EXERCISE DATA |
◆ ◆ ◆ ◆

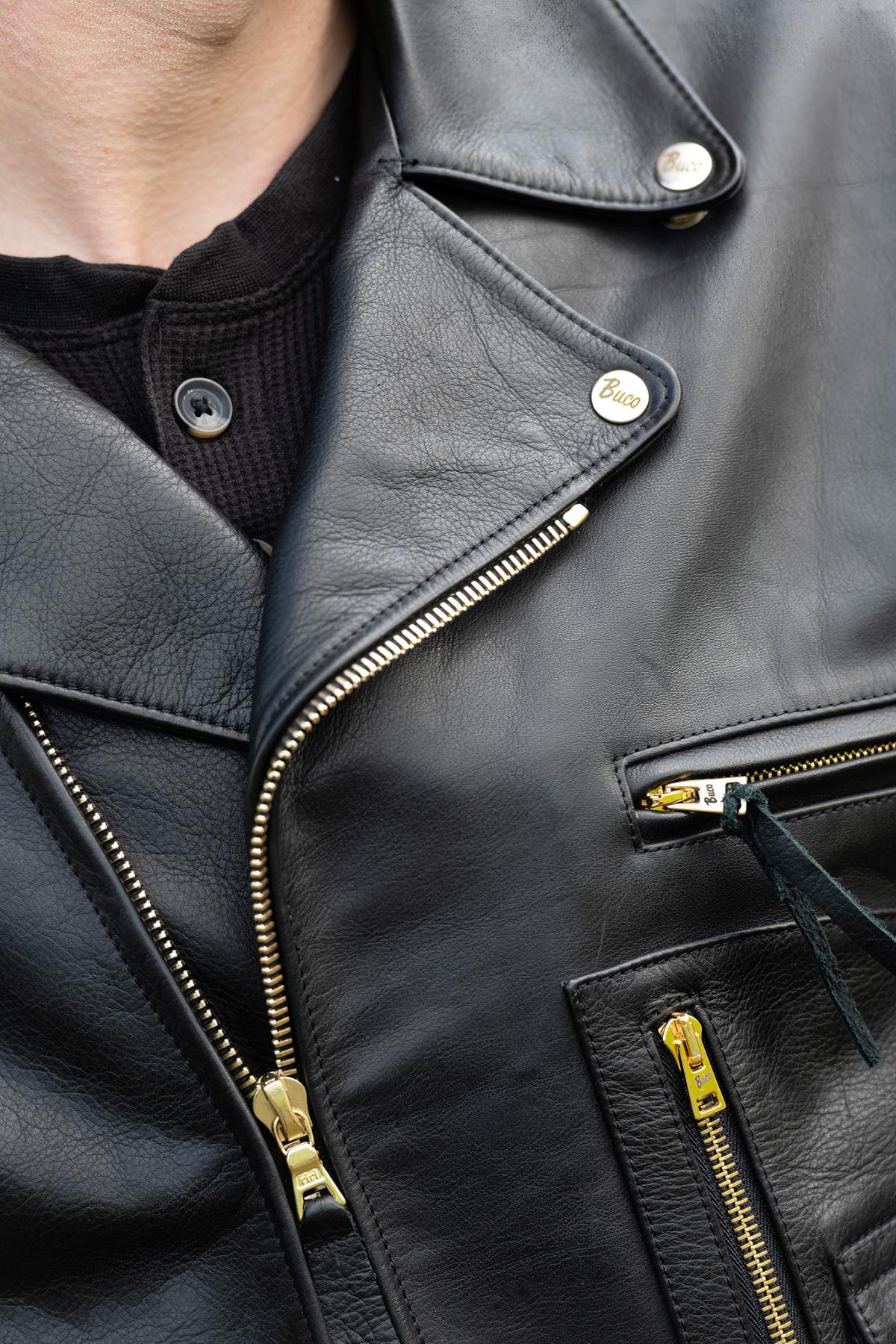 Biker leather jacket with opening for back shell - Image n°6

◆ ◆ ◆ ◆

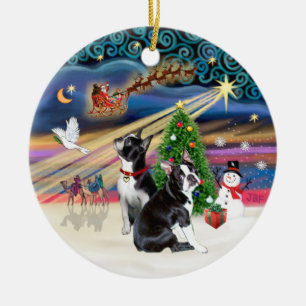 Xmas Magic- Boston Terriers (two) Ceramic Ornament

◆ ◆ ◆ ◆

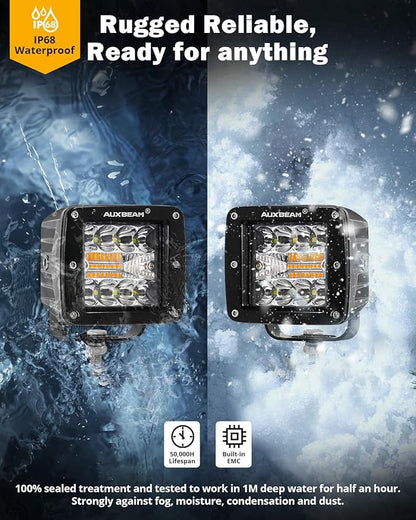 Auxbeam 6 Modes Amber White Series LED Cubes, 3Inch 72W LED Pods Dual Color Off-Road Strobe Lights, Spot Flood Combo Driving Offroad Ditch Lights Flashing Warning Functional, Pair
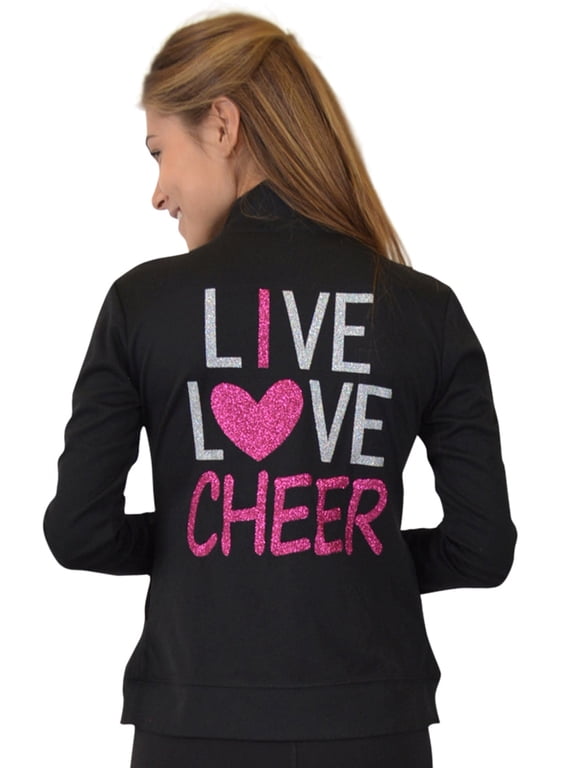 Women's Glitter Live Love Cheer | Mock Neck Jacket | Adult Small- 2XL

◆ ◆ ◆ ◆

INSTRUCTIONS FOR THE TASK | Write out the lines above from the one with "Auxbeam 6 Modes" through the one with "Women's Glitter Live", ends included, exactly; no picture goes in.

EXPECTED ANSWER |
 Auxbeam 6 Modes Amber White Series LED Cubes, 3Inch 72W LED Pods Dual Color Off-Road Strobe Lights, Spot Flood Combo Driving Offroad Ditch Lights Flashing Warning Functional, Pair
 Women's Glitter Live Love Cheer | Mock Neck Jacket | Adult Small- 2XL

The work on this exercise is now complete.